*Your task:*
Output each line from the one that contains "Imagem: Fotografia. Um" to the final line of the data below, exactly, and include nothing else.

Items from a dataset
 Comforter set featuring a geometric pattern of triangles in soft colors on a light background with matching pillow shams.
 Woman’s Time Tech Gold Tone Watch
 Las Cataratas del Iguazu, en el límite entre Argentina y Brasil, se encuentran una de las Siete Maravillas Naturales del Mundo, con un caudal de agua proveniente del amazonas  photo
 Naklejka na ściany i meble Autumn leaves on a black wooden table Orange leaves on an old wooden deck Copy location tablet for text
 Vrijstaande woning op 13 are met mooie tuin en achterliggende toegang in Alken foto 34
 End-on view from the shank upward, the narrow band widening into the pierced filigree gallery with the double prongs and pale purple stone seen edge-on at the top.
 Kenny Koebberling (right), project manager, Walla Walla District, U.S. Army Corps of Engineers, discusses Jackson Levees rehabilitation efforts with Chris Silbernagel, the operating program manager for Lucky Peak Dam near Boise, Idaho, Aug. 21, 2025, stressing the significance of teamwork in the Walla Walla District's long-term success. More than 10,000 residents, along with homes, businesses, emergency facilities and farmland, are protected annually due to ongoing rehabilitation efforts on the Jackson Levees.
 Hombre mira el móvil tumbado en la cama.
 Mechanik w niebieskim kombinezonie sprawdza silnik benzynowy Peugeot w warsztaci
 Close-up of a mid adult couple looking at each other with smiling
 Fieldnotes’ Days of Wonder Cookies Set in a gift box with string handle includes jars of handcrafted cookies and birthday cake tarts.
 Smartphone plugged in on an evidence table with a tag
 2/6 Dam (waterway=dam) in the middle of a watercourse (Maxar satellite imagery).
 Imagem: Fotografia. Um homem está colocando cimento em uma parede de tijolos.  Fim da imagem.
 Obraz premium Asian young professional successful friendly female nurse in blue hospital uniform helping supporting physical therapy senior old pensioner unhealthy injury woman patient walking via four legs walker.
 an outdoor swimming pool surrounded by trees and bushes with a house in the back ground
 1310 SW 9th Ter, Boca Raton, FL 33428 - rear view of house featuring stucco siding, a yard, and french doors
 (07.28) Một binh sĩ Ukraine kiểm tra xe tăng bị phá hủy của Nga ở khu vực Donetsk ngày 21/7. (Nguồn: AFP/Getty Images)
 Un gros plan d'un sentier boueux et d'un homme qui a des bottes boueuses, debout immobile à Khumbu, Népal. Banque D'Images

*Task result:*
 Imagem: Fotografia. Um homem está colocando cimento em uma parede de tijolos.  Fim da imagem.
 Obraz premium Asian young professional successful friendly female nurse in blue hospital uniform helping supporting physical therapy senior old pensioner unhealthy injury woman patient walking via four legs walker.
 an outdoor swimming pool surrounded by trees and bushes with a house in the back ground
 1310 SW 9th Ter, Boca Raton, FL 33428 - rear view of house featuring stucco siding, a yard, and french doors
 (07.28) Một binh sĩ Ukraine kiểm tra xe tăng bị phá hủy của Nga ở khu vực Donetsk ngày 21/7. (Nguồn: AFP/Getty Images)
 Un gros plan d'un sentier boueux et d'un homme qui a des bottes boueuses, debout immobile à Khumbu, Népal. Banque D'Images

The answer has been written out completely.